## Information provided
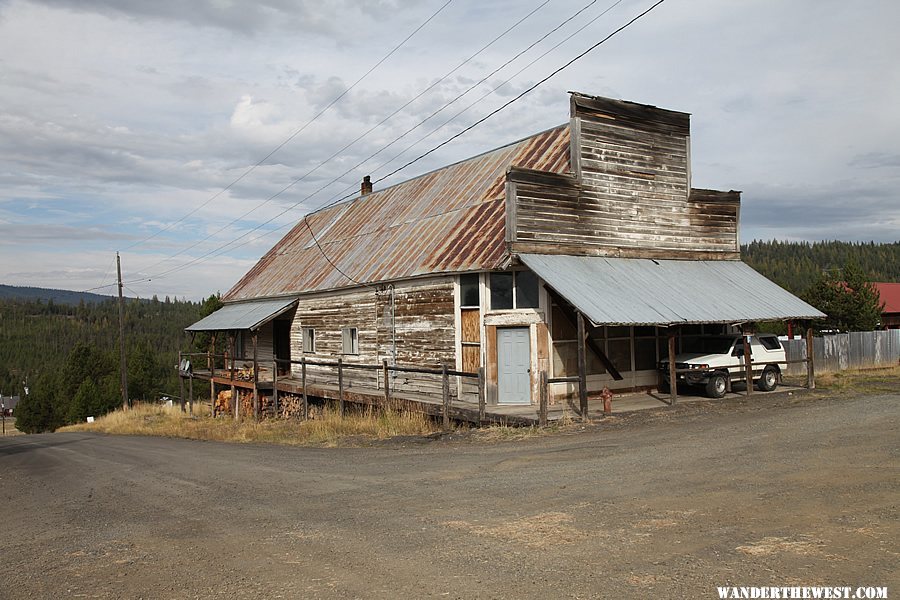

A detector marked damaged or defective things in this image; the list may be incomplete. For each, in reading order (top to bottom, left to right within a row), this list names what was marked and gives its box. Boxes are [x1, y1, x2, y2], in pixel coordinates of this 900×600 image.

rusty metal roof panel [227, 123, 568, 300]
rusty metal roof panel [524, 254, 828, 326]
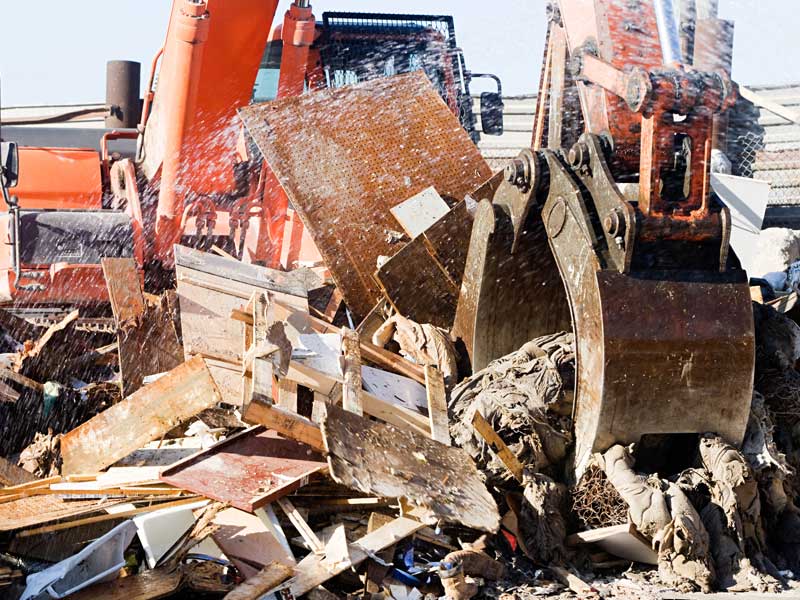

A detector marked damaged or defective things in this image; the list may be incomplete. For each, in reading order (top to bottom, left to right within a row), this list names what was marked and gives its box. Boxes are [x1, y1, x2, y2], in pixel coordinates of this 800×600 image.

splintered lumber [234, 71, 490, 318]
splintered lumber [60, 354, 220, 476]
broken wood plank [59, 354, 223, 476]
splintered lumber [159, 426, 324, 510]
broken wood plank [159, 426, 324, 510]
broken wood plank [244, 400, 324, 452]
splintered lumber [244, 400, 324, 452]
broken wood plank [340, 328, 362, 418]
splintered lumber [340, 328, 362, 418]
splintered lumber [320, 404, 496, 528]
broken wood plank [320, 404, 496, 528]
broken wood plank [424, 366, 450, 446]
splintered lumber [424, 366, 450, 446]
broken wood plank [468, 412, 524, 482]
splintered lumber [468, 412, 524, 482]
broken wood plank [222, 564, 294, 600]
splintered lumber [223, 564, 296, 600]
broken wood plank [276, 496, 324, 552]
splintered lumber [286, 516, 428, 596]
broken wood plank [286, 516, 428, 596]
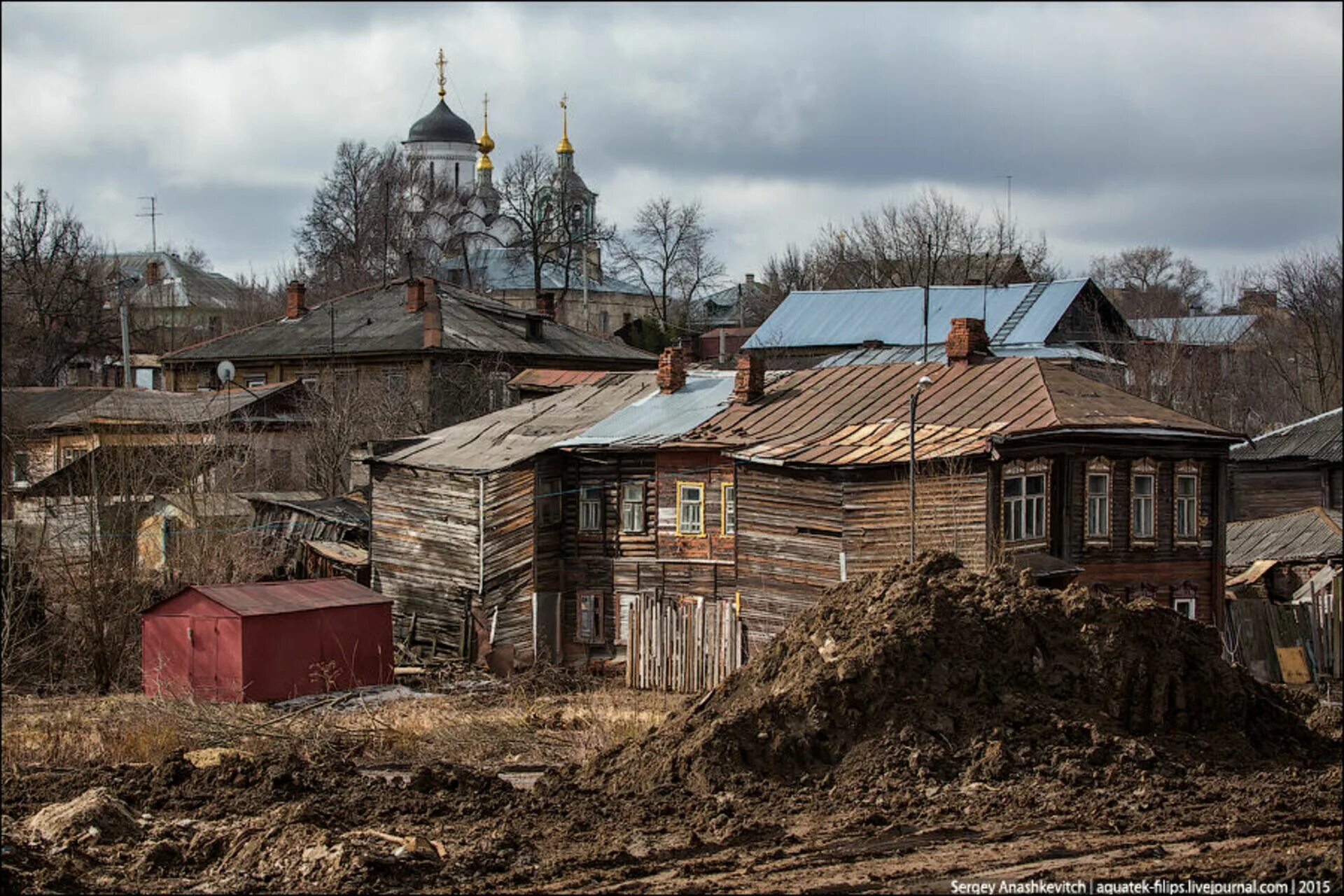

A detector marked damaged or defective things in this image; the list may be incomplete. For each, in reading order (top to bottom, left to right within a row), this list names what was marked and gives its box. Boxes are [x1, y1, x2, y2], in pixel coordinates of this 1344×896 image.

rusty metal roof [677, 357, 1231, 470]
rusty metal roof [1231, 505, 1344, 566]
rusty metal roof [160, 582, 389, 617]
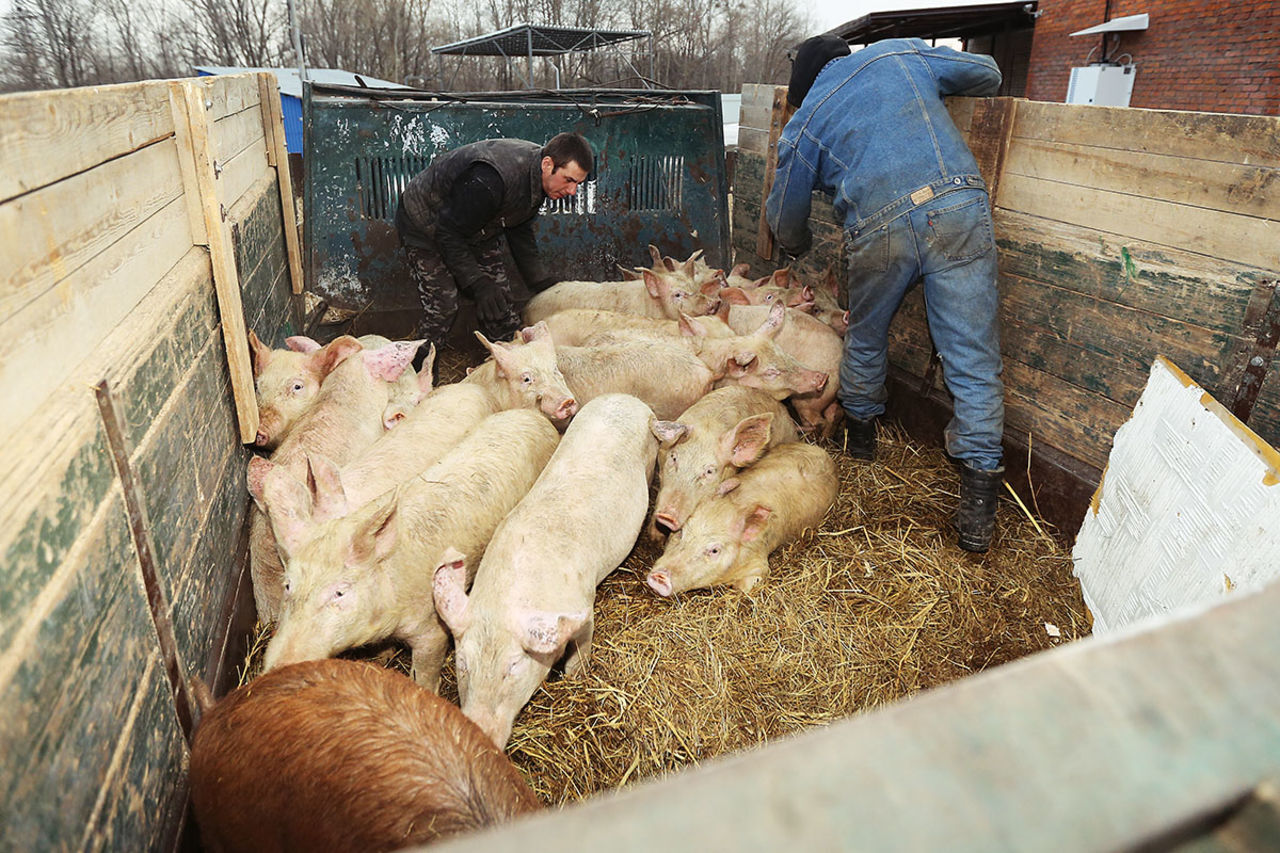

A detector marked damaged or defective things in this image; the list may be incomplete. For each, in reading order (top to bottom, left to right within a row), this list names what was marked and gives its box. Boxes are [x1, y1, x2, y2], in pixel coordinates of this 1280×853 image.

rusty metal panel [294, 86, 727, 320]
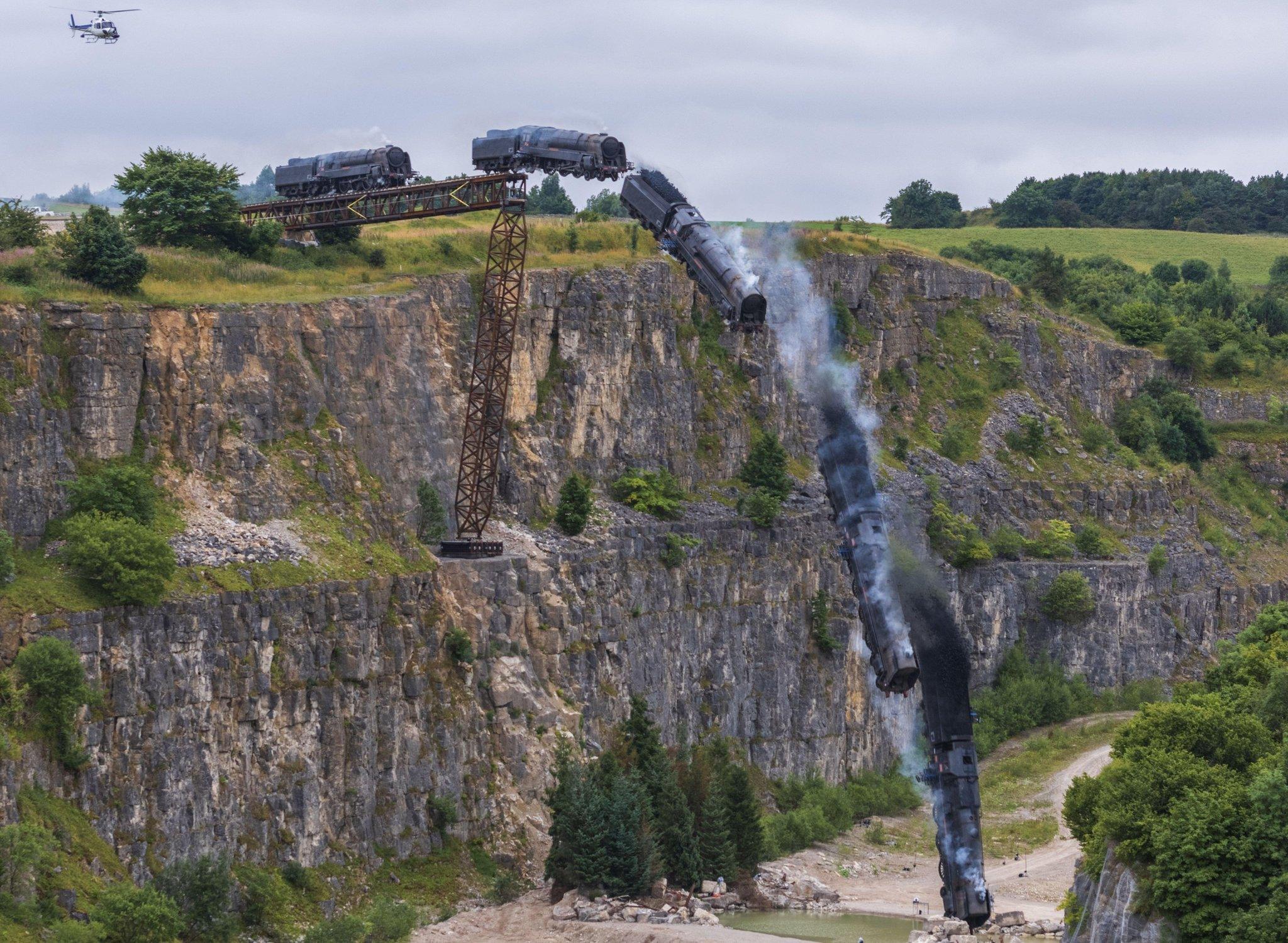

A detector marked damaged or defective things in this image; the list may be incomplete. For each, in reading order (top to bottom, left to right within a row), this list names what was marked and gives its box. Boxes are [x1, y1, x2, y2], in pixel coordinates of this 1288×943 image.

## Goal of the exercise
A faithful, word-for-word version of the records above is needed, with no images in it.

## Response area
A detector marked damaged or defective things in this image; the list may be incomplete. For each, in reading order (top to bottom, left to right within a row), this list names what was marked and gives its box. Boxes are [x1, y1, x2, y2], in pixel coordinates of this 900×600 image.

rusty metal roof panel [227, 123, 568, 300]
rusty metal roof panel [524, 254, 828, 326]

A detector marked damaged or defective things in this image; the list may be incomplete. For each, in reading order (top to bottom, left to right within a row), this list names what was marked and gives its box. Boxes are [x1, y1, x2, y2], in pixel coordinates of this 800×600 image.

splintered lumber [234, 71, 490, 318]
splintered lumber [60, 354, 220, 476]
broken wood plank [59, 354, 223, 476]
splintered lumber [159, 426, 324, 510]
broken wood plank [159, 426, 324, 510]
broken wood plank [244, 400, 324, 452]
splintered lumber [244, 400, 324, 452]
broken wood plank [340, 328, 362, 418]
splintered lumber [340, 328, 362, 418]
splintered lumber [320, 404, 496, 528]
broken wood plank [320, 404, 496, 528]
broken wood plank [424, 366, 450, 446]
splintered lumber [424, 366, 450, 446]
broken wood plank [468, 412, 524, 482]
splintered lumber [468, 412, 524, 482]
broken wood plank [222, 564, 294, 600]
splintered lumber [223, 564, 296, 600]
broken wood plank [276, 496, 324, 552]
splintered lumber [286, 516, 428, 596]
broken wood plank [286, 516, 428, 596]

A detector marked damaged or defective things in this image; the list may be incomplete. For each, in reading order (top to bottom, left to right within a row), this list names what was marked and gives its box. Boxes are [x1, y1, x2, y2], in pixel coordinates of this 1344×896 image.

rusty metal roof [677, 357, 1231, 470]
rusty metal roof [1231, 505, 1344, 566]
rusty metal roof [160, 582, 389, 617]

A detector marked damaged or defective things in this image; the list may be incomplete. For each, in reading order (top to bottom, left to right within a row), this list names what was marked and gives its box. Boxes are [x1, y1, x2, y2], in pixel coordinates of this 1280×853 image.

rusty metal panel [294, 86, 727, 320]

A detector marked damaged or defective things in this image; the list may be incomplete. For each, in reading order (top to bottom, left to right within a row), this list names what was marked and gives its box. Boxes are [x1, y1, x2, y2], in pixel coordinates of this 1288×943 image.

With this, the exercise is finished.